I'll Be Your Blue Sky (Love Walked In #3)(18)
And then Zach walked into the room and saw me there, and in a low, dangerous, gritted-teeth voice said, “What the fuck is this?”
Because I felt small sitting, I stood up, planted my feet. “Look, I’m sorry, but I just can’t stay here.”
“What?”
“Zach, I’m not helping anyone here, not even you. You hardly speak to me. And the atmosphere, the air in this house feels poisoned. I’m going home.”

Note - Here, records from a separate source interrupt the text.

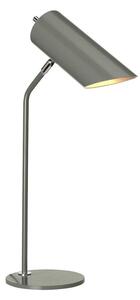 Elstead QUINTO/TLGPN Quinto 1 Light Table Lamp In Grey And Nickel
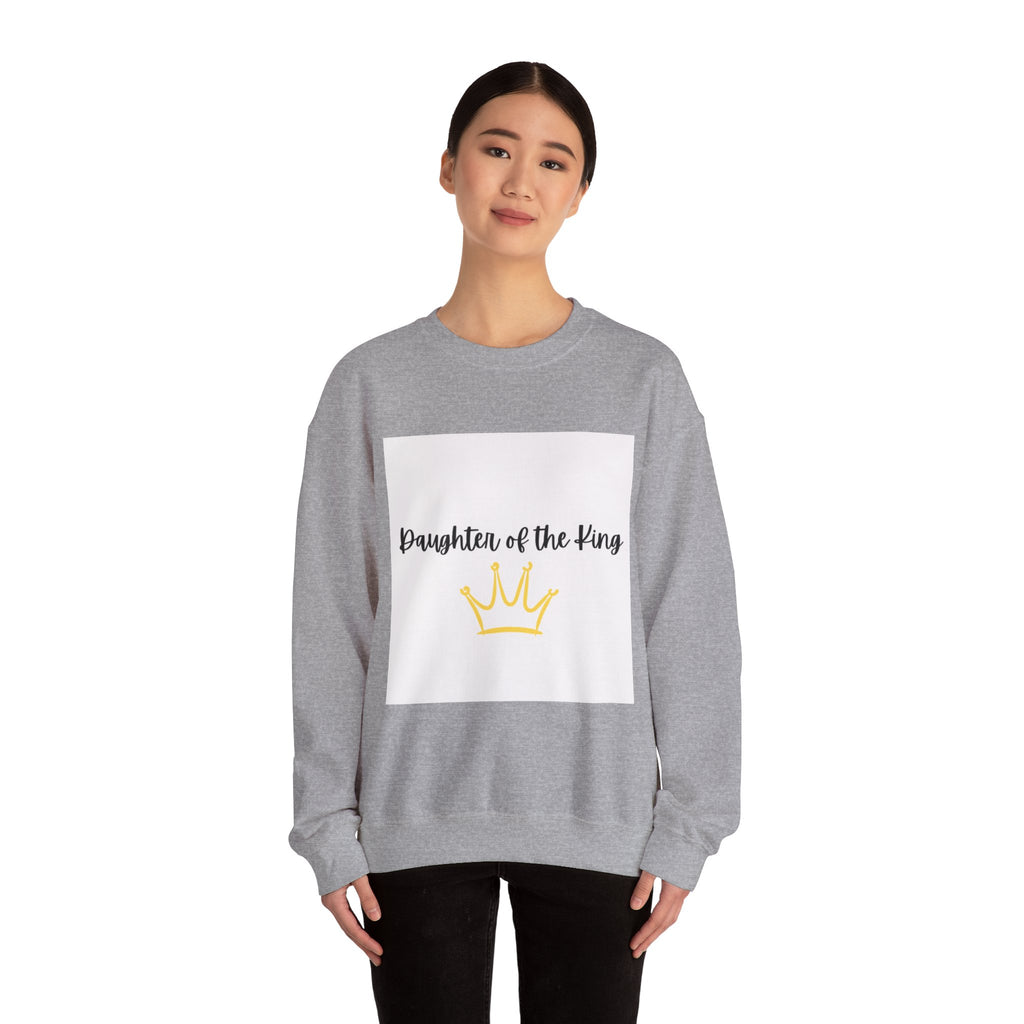 Daughter of the King Sweatshirt – Christian Crown Crewneck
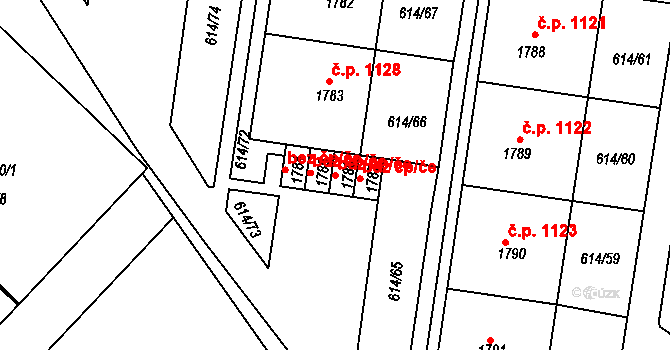 Neratovice 49527444 na parcele st. 1786 v KÚ Neratovice, Katastrální mapa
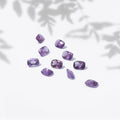 Gemstone Amethyst Purple Sapphire Cushion Checker Board 5x7 mm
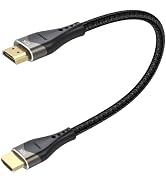 DIOOEER Short HDMI Cable 8K 10K 1.46ft Total Length, 1.2ft Cable Length, 48Gbps Ultra High Speed ...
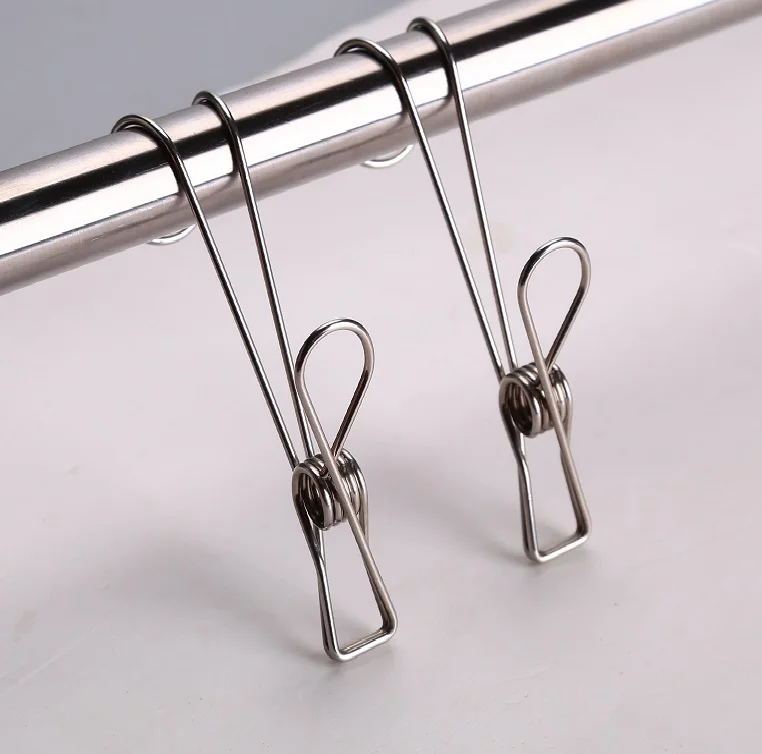 Details about   10-100x Stainless Steel Clothes Pegs Hanging Clips Pin Laundry Windproof Clamp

Zach snickered, the meanest sound I’d ever heard him make, and shook his head. “Yeah? Well, that’s where you’re wrong.”
“I changed my flight. I’ll see you whenever you get back, but I can’t be here anymore.”
“We’ll change it back.”
“You’re not hearing me. I don’t want to be here anymore. I’m leaving.”
Without taking my eyes off Zach’s face, I leaned down and picked up my carry-on bag.
“Stop saying that you’re leaving!” he said, loudly.
And then Zach—sweet, joke-appreciating, tailgating-averse, gift-giving Zach—took one step toward me, his face rigid with rage, jaw clenched, eyes narrowed, and fear started ringing in my ears like a siren. I’d seen Zach angry before, but never this angry, and never at me. I tried to remind myself that he loved me, but the fear just rang louder.
“Please don’t tell me what to say. Or do,” I said, my voice shaking. “I am leaving.”
“Shut up!” he hissed.
Then, he picked up my suitcase, tossed it onto the bed, unzipped it, and threw it against the wall. As the suitcase hit, it opened like a mouth and vomited out my clothes. For a second, I stood frozen, stunned, then some animal part of me kicked in, and I tore open the bedroom door and ran, down the hallway, out the front door, and blindly across the lawn, my teeth chattering, the frozen ground bone-jarring under the soles of my shoes.
I didn’t know for sure that he was following me until I heard his voice breaking raggedly through the dark and cold. “I’m sorry, I’m sorry, I’m sorry.”
I swung around, brandishing, without really meaning to, my heavy carry-on bag. “Stay back!” I shouted.
But he had already stopped. He stood on the edge of the road, maybe twenty feet from me. When he dropped to his knees, a blade of moonlight lit up the tears on his face. The cold bit into my cheeks, my bare hands. The cloudy sky low as a basement ceiling overhead.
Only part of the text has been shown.